Skip to main content

CLI tool and Python SDK for importing Excel files to SQLite with advanced transformations and validation

Project description

Excel to SQLite

A powerful CLI tool and Python SDK for importing Excel files into SQLite databases with advanced data transformation, validation, and quality profiling features.

Python PyPI License

Overview

Excel to SQLite simplifies the process of importing Excel data into SQLite databases. It provides automatic schema detection, data transformations, validation rules, and includes an intelligent Auto-Pilot mode for zero-configuration setup.

Key Features:

  • Smart Import with automatic schema detection
  • Flexible data transformations (value mappings, calculated columns)
  • Comprehensive validation system
  • Data quality profiling and scoring
  • Auto-Pilot mode with pattern detection
  • Python SDK for programmatic access
  • Rich terminal output with detailed progress reporting

Table of Contents

Installation

From PyPI

pip install excel-to-sql

With uv

uv pip install excel-to-sql

From Source

git clone https://github.com/wareflowx/excel-to-sql.git
cd excel-to-sql
uv sync

Quick Start

Excel to SQLite provides two ways to get started: choose Auto-Pilot for automatic setup or Manual Configuration for complete control.

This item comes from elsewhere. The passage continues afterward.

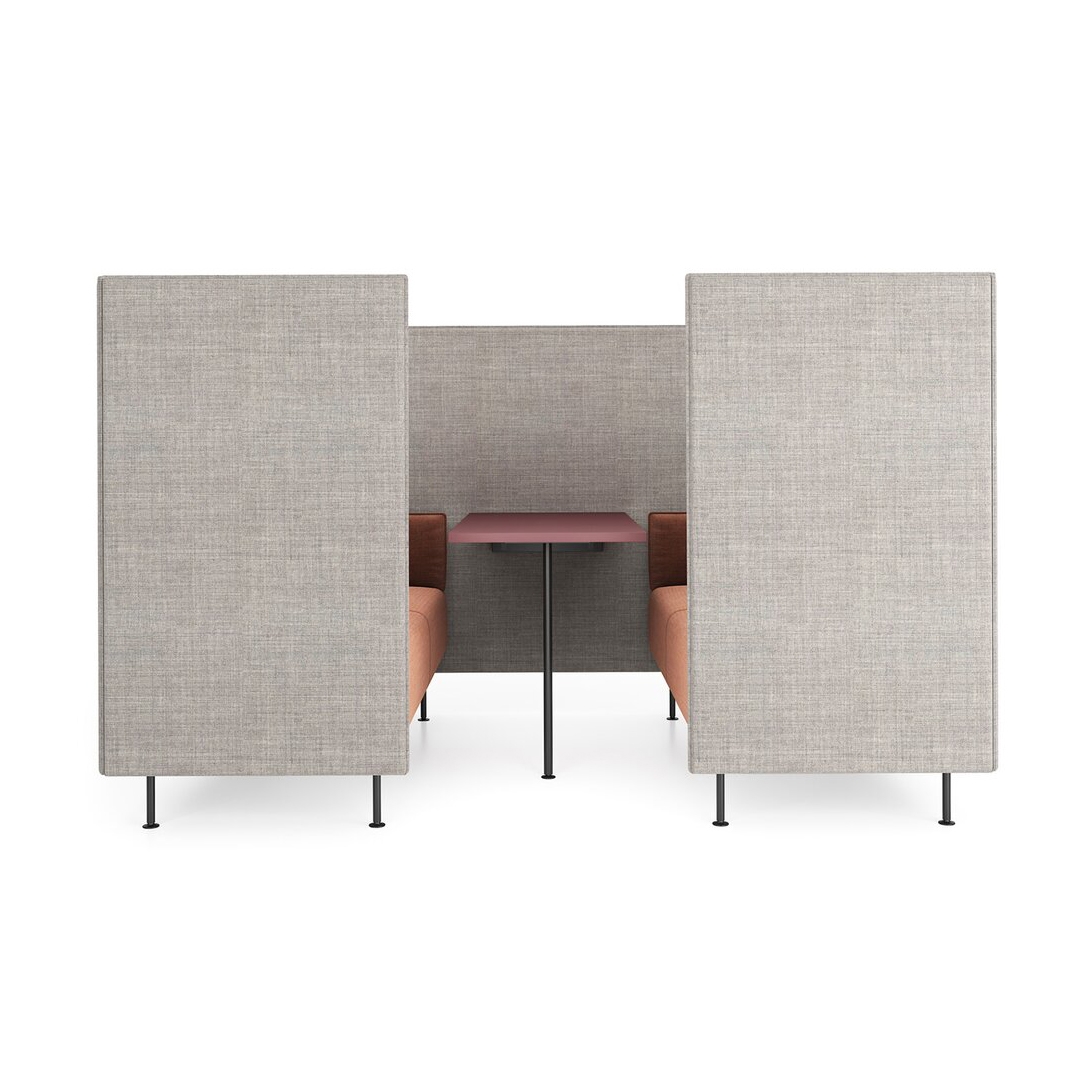 Display product Creva American Diner from manufacturer Kusch+Co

Option 1: Auto-Pilot Mode (Recommended)

The fastest way to import Excel files. Auto-Pilot automatically detects patterns, suggests transformations, and guides you through the setup.

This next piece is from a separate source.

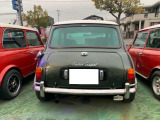 ミニ  MKⅠ仕様 10インチセンターメーター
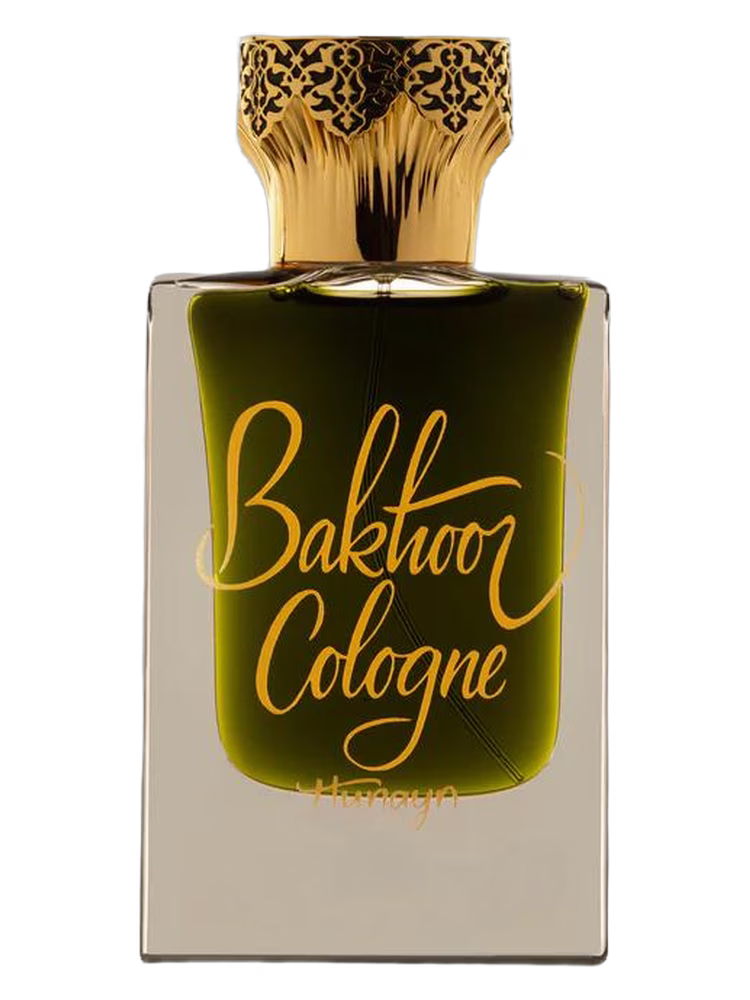 Hunayn Bakhoor Cologne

# Analyze Excel files and generate configuration automatically
excel-to-sql magic --data ./path/to/excels

# Interactive mode with step-by-step guidance
excel-to-sql magic --data ./path/to/excels --interactive

# Dry run to analyze without generating configuration
excel-to-sql magic --data ./path/to/excels --dry-run

Auto-Pilot detects:

  • Primary and foreign keys automatically
  • Value mappings (e.g., "1"/"0" to "Active"/"Inactive")
  • Data quality issues with prioritized recommendations
  • Optimal data types for each column

Option 2: Manual Configuration

For complete control over the import process.

# 1. Initialize project
excel-to-sql init

# 2. Add mapping configuration
excel-to-sql config add --type products --table products --pk id

# 3. Import Excel file
excel-to-sql import --file products.xlsx --type products

# 4. Export data back to Excel
excel-to-sql export --table products --output report.xlsx

# 5. Profile data quality
excel-to-sql profile --table products --output quality-report.html

CLI Reference

Project Commands

Initialize Project

Creates a new excel-to-sql project with the required directory structure.

excel-to-sql init

Creates:

  • data/ - SQLite database location
  • config/ - Configuration files
  • imports/ - Imported Excel files
  • exports/ - Exported Excel files

Import Command

Import an Excel file into the database.

excel-to-sql import --file data.xlsx --type products

Options:

  • --file, -f - Path to Excel file (required)
  • --type, -t - Type configuration name (required)
  • --force - Re-import even if content unchanged

Export Command

Export database data back to Excel.

excel-to-sql export --table products --output report.xlsx

Options:

  • --table - Table name to export
  • --output, -o - Output Excel file path

Profile Command

Generate data quality reports.

excel-to-sql profile --table products --output quality-report.html

Configuration Commands

Add Type Configuration

Create a new mapping type interactively.

excel-to-sql config add --type customers --table customers --pk id

Options:

  • --add-type - Name for the new type
  • --table - Target table name
  • --pk - Primary key column(s)
  • --file - Excel file for auto-detection (optional)

List Types

Show all configured mapping types.

excel-to-sql config --list

Show Type Details

Display configuration for a specific type.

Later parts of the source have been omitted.